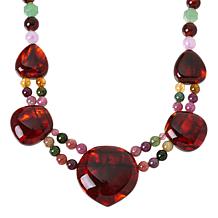 Jay King Sterling Silver Brown Amber and Multigemstone 18" Necklace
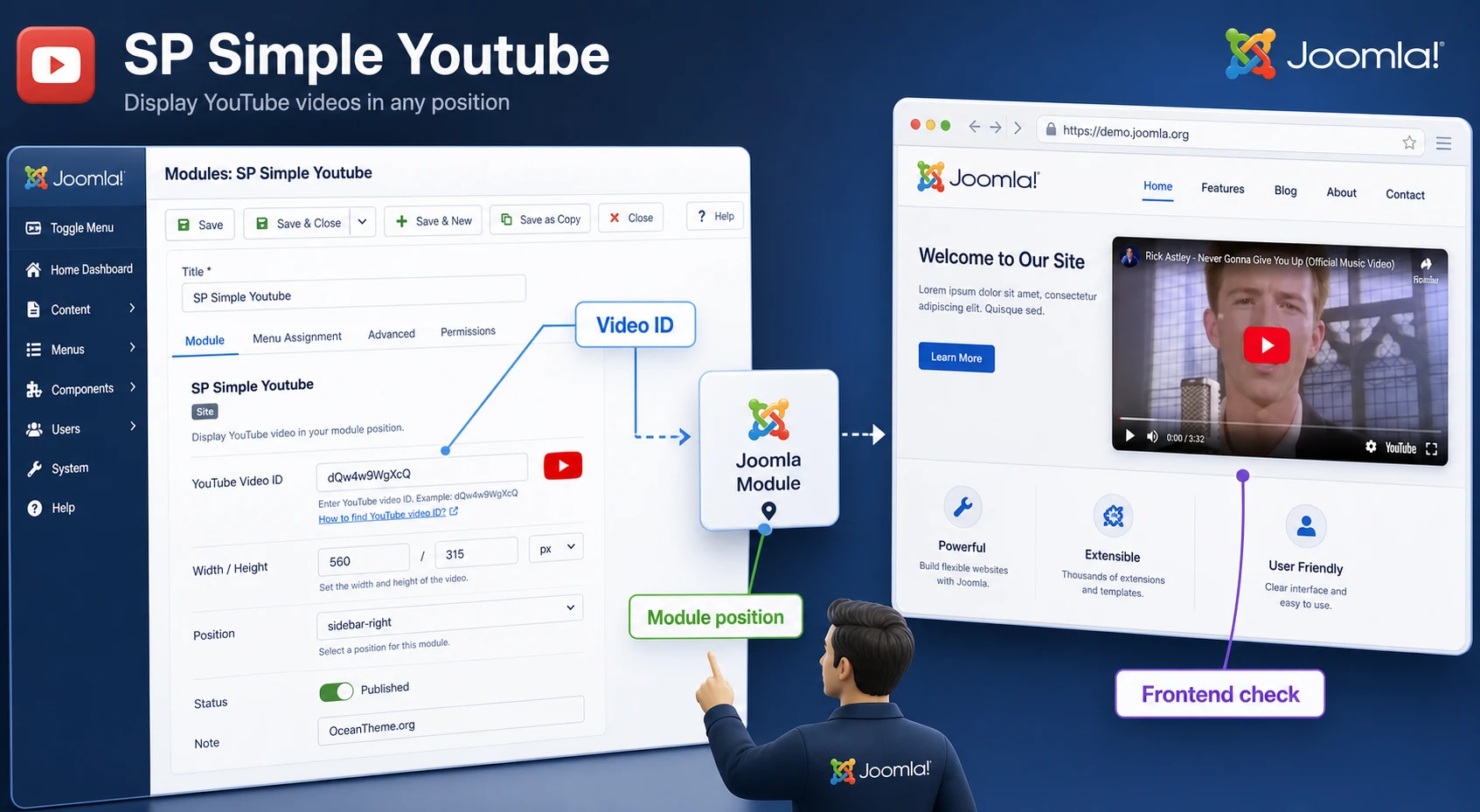 Cover image for the SP Simple Youtube guide for Joomla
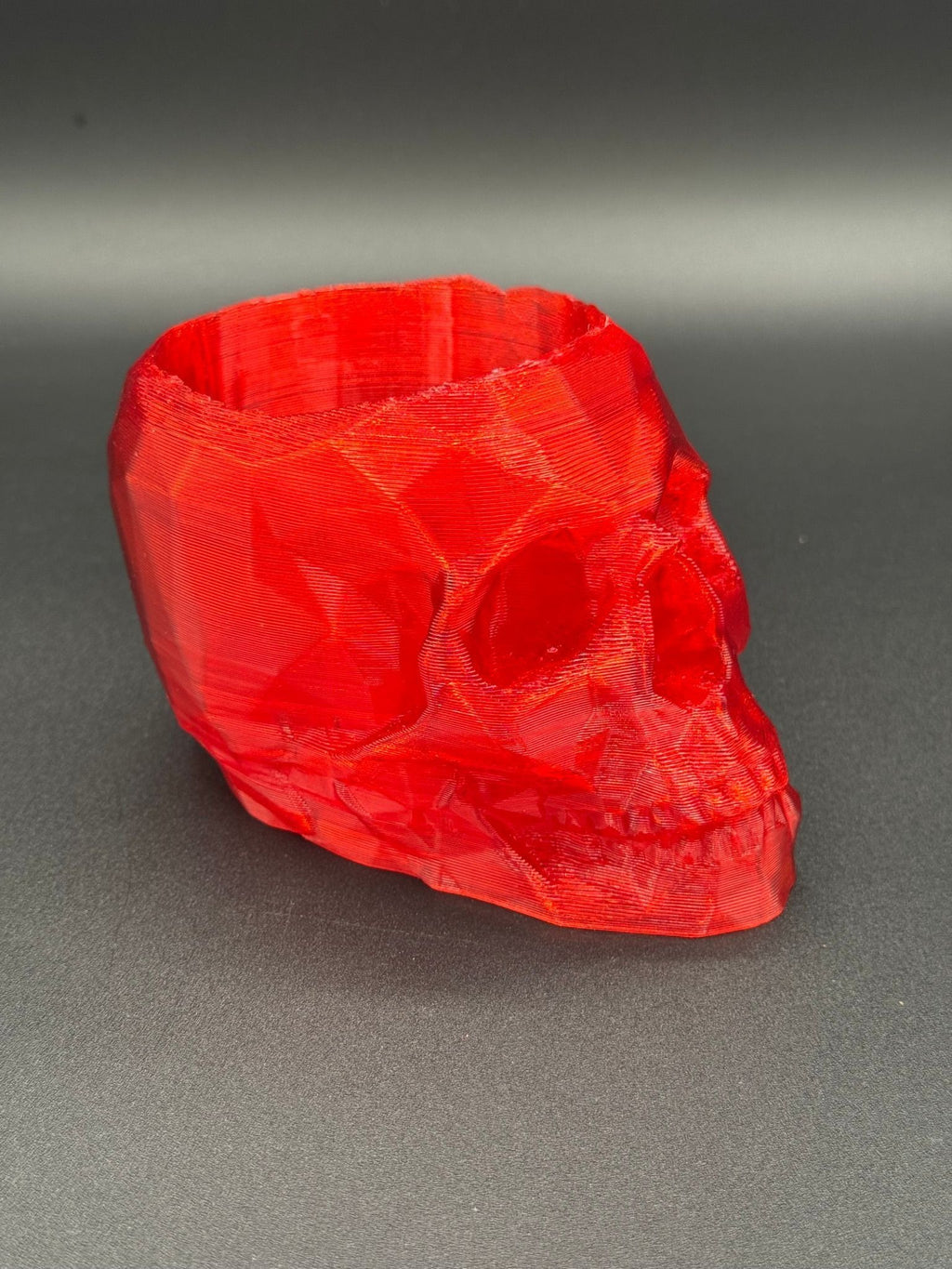3" 3D-printed PETG Crystal Skull planter in Blazing Red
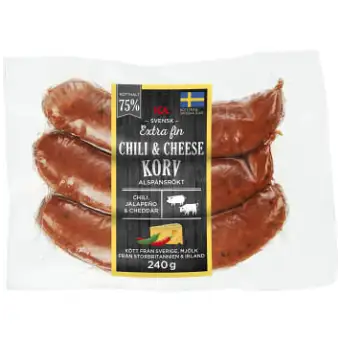 ICA Kryddkorv Chili & Cheese 240g 3 ICA Kryddkorv Chili & Cheese 240g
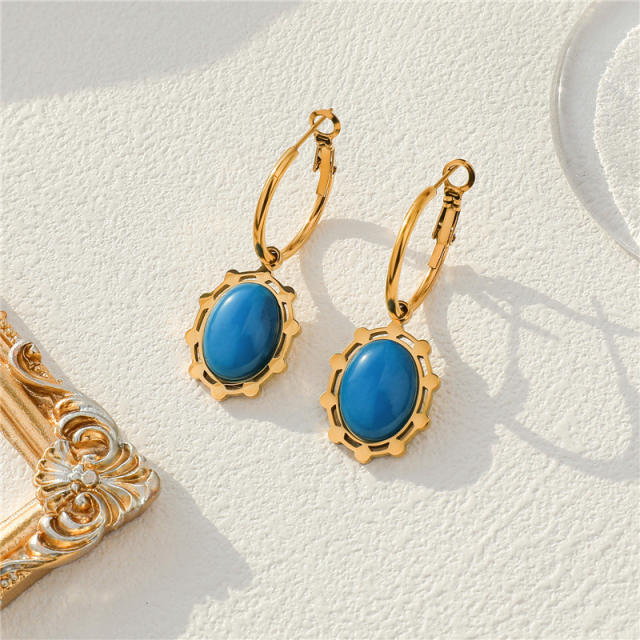 Hot sale blue color enamel turquoise stone statement stainless steel earrings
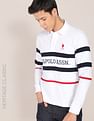 U.S. Polo Assn. Long Sleeve Horizontal Stripe Polo Shirt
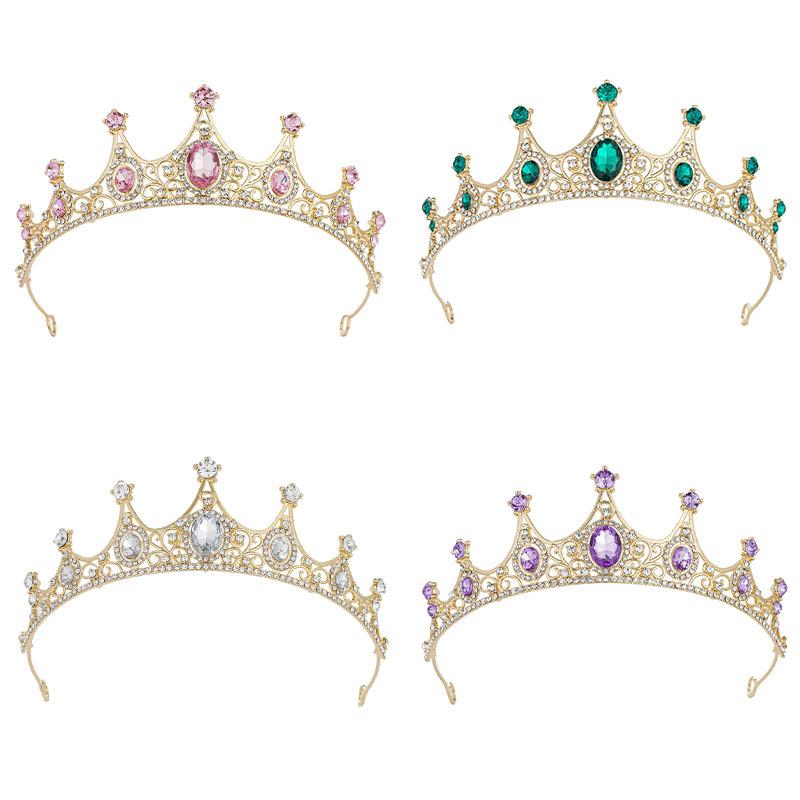 High End and Elegant Crown Girls' Hairbands Hair Clips Headwear Bride's Crown Princess Children Little Girls' Headbands and Hair Clips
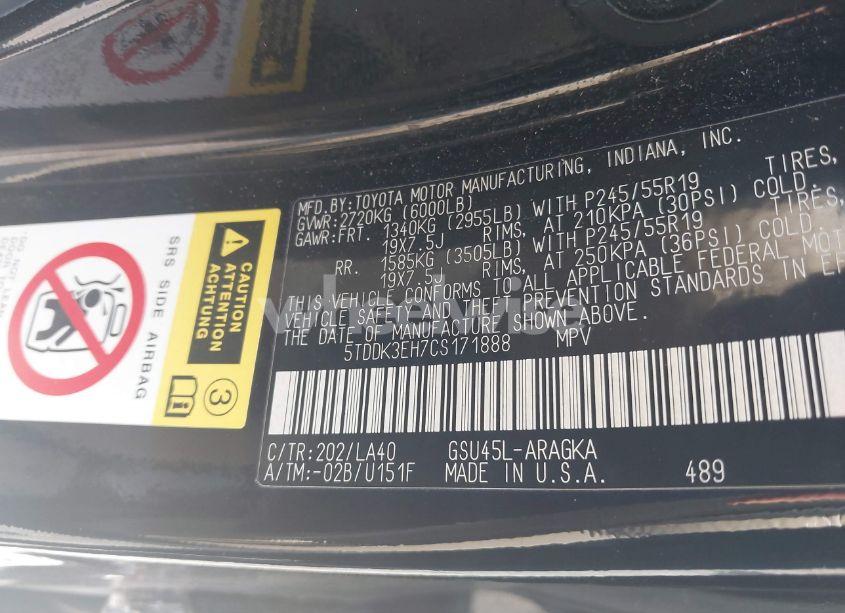 Photo 9 of 2012 Toyota Highlander LIMITED V6 (VIN 5TDDK3EH7CS171888)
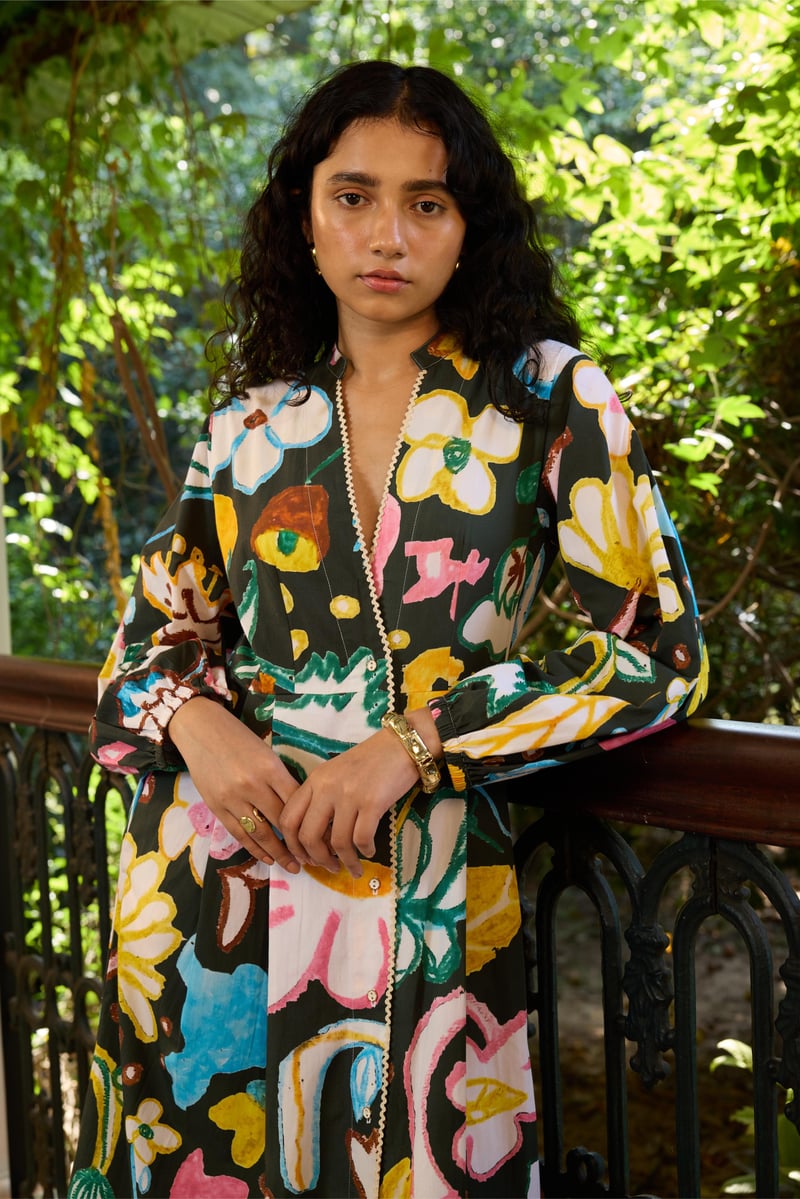 Deep Green Tropical Floral Button-Front Midi Dress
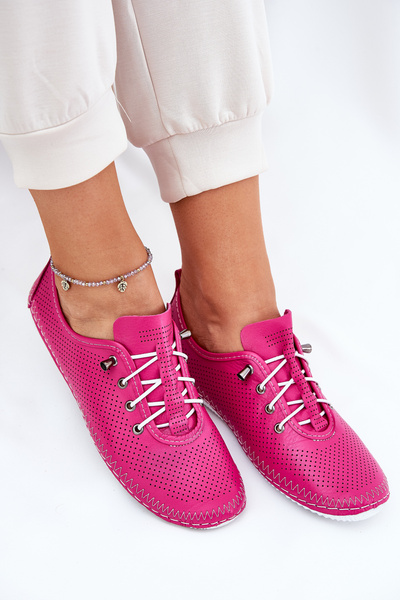 Chaussures En Cuir Pour Femmes En Cuir Naturel Artiker 54C0830 Rose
- - -
→ **YOUR TASK**
Give back the records above word for word, minus any image they hold.

→ **SOLUTION**
 Jay King Sterling Silver Brown Amber and Multigemstone 18" Necklace
 Cover image for the SP Simple Youtube guide for Joomla
3" 3D-printed PETG Crystal Skull planter in Blazing Red
 ICA Kryddkorv Chili & Cheese 240g 3 ICA Kryddkorv Chili & Cheese 240g
 Hot sale blue color enamel turquoise stone statement stainless steel earrings
 U.S. Polo Assn. Long Sleeve Horizontal Stripe Polo Shirt
 High End and Elegant Crown Girls' Hairbands Hair Clips Headwear Bride's Crown Princess Children Little Girls' Headbands and Hair Clips
 Photo 9 of 2012 Toyota Highlander LIMITED V6 (VIN 5TDDK3EH7CS171888)
 Deep Green Tropical Floral Button-Front Midi Dress
 Chaussures En Cuir Pour Femmes En Cuir Naturel Artiker 54C0830 Rose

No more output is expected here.